I don’t think you are characterizing this exchange or the reasons behind the pattern of votes accurately. Bruno asked you to provide a source in support of the following claim, which you made four comments above:
One child policy had no effect on China’s population size. It was their widespread education pre-1979 than reduced fertility.
In response to that request, you provided two sources. I looked at them and found that both failed to support the assertion that “It was [China’s] widespread education pre-1979 than reduced fertility”, and that one directly contradicted it.

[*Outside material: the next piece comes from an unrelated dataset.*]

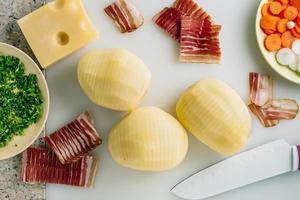 Sliced potato and bacon with knife,potato ready to be filled with bacon. Cheese, carrot some onion and herbs on table. photo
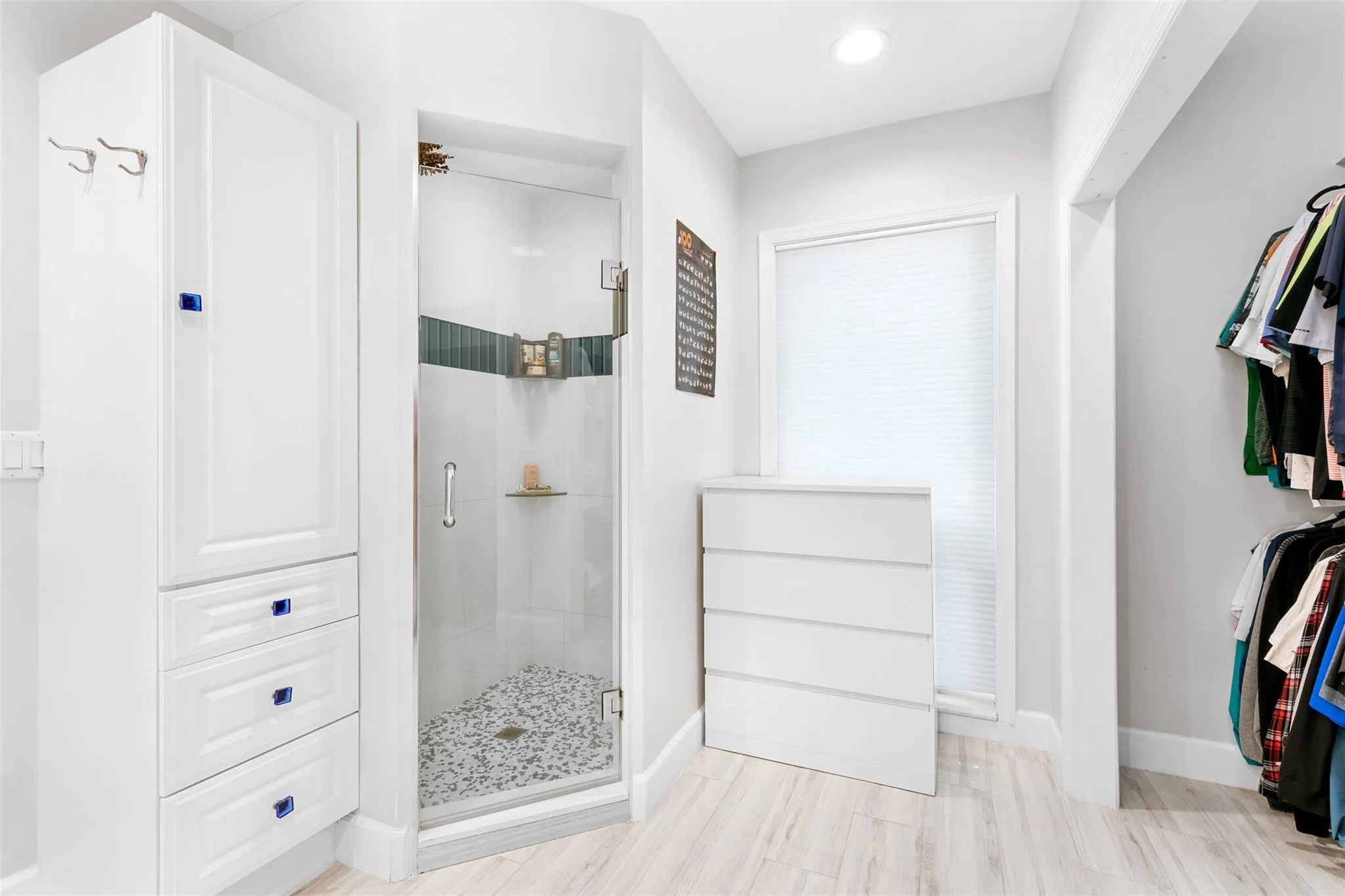 Glass-enclosed shower with pebble-style floor and decorative tile band, alongside a tall white storage cabinet with drawers and an additional white dresser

I didn’t downvote your comment, but I don’t think it’s unreasonable to expect some people to downvote it in light of this revelation. In fact, on reflection I’m inclined to favor a norm of downvoting comments that incorrectly claim that a scholarly source supports some proposition, since such a norm would incentivize epistemic hygiene and reduce the incidence of information cascades. I do agree with you that ingroup/outgroup dynamics sometimes explain observed behavior in the EA community, but I don’t think this is one of those cases. As one datapoint confirming this, consider that a month or two ago, when I pointed out that someone had mischaracterized the main theses of a paper, that person’s comment was heavily downvoted, despite this user being a regular commenter and not someone (I think) generally perceived to be an “outsider”.

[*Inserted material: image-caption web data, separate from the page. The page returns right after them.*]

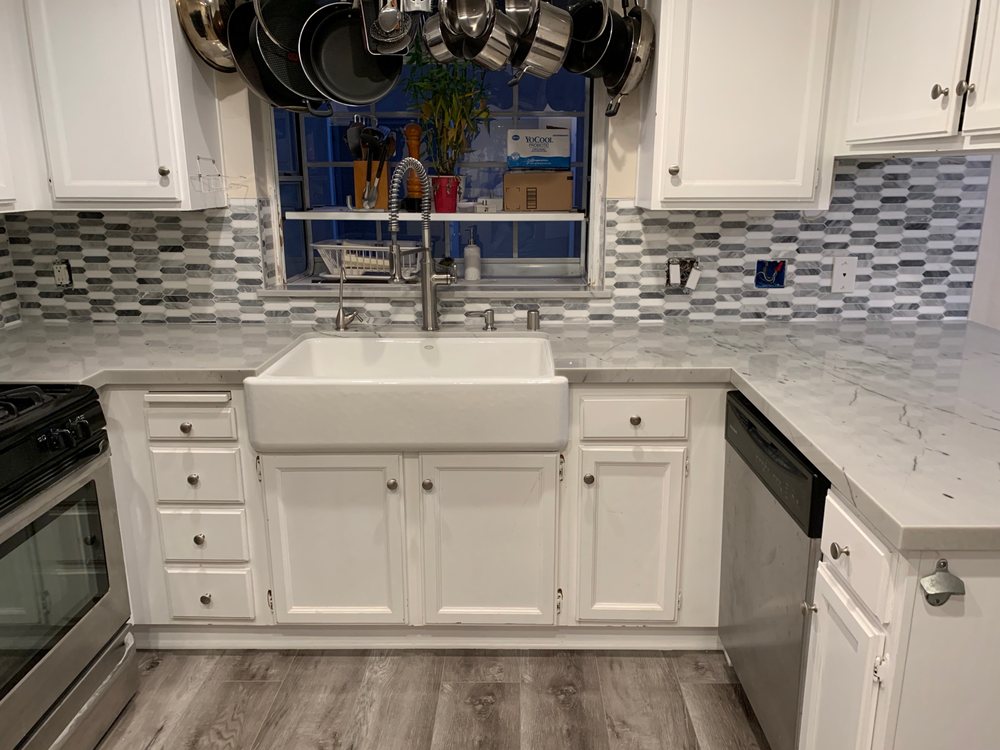Kitchen with white shaker cabinets, marble countertops, and mosaic tile backsplash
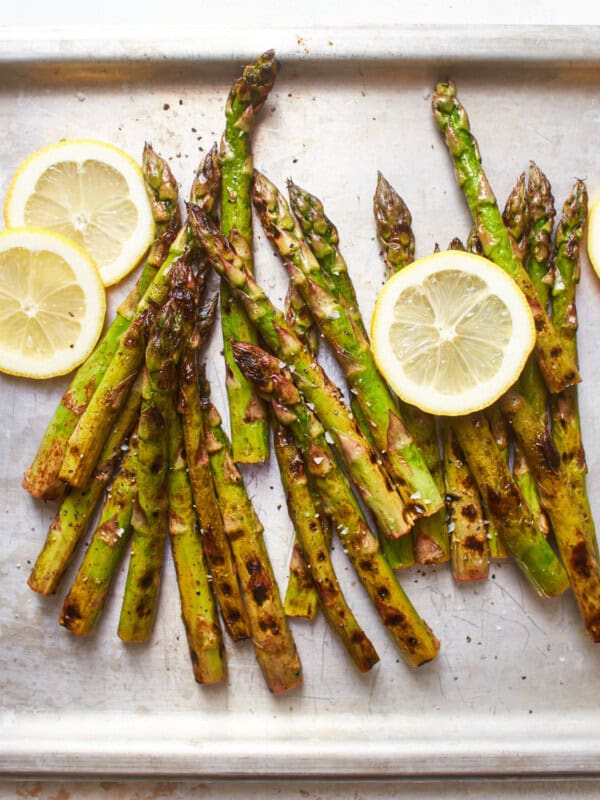 overhead view of grilled asparagus on a baking sheet with lemon wheels.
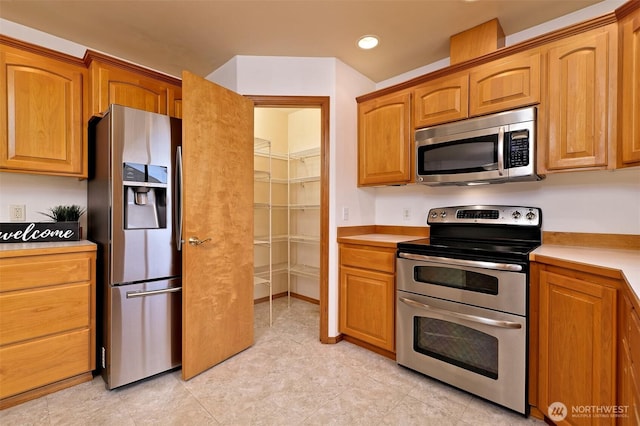 520 W Summer Breeze Ln, Sequim, WA 98382 - kitchen with appliances with stainless steel finishes, light countertops, recessed lighting, and brown cabinetry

Moving to the object-level, in your recent comment you appear to have modified your original contention. Whereas before your stated that “widespread education” was the factor explaining China’s reduced fertility, now you state that education was one factor among many. Although this difference may seem minor, in the present context it is crucial, because both in comments to this post and elsewhere in the Forum you have argued that EAs should prioritize education over growth. Yet if both of these factors account for the fertility reduction in China, your position cannot derive any support from this Chinese experience.

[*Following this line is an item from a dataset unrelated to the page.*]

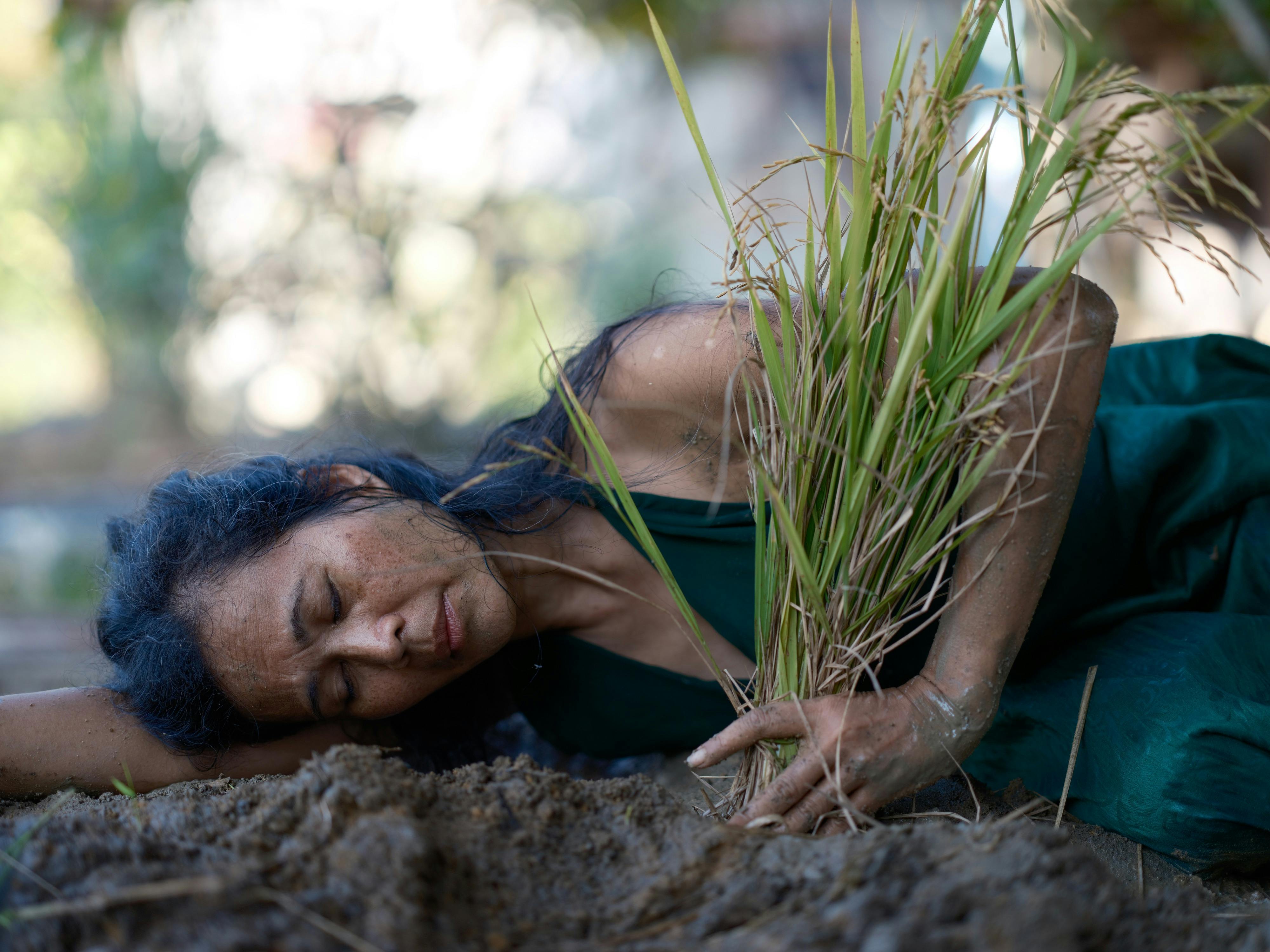 dark haired woman lying on soil holding grass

I actually took the time to look at those two sources, and as far as I can tell they provide no support whatsoever for your claim that “It was [China’s] widespread education pre-1979 that reduced fertility.” The word ‘education’ occurs exactly once in the first article, and in a sentence that doesn’t make any claims about education reducing fertility. As for the second article, to the extent that it attributes the fertility decline to anything, it attributes it not to “education”, but to economic development (pp. 158-159):
The third fatal problem with the “400 million births prevented” claim is that it totally ignores the most significant source of fertility decline worldwide: economic development… China’s rapid economic development since 1980 deserves the lion’s share of the credit for the [fertility decline].
I just thought it would be valuable to recalculate the estimated rates of attrition with this new data, though I think it’s totally fine for you to deprioritize this.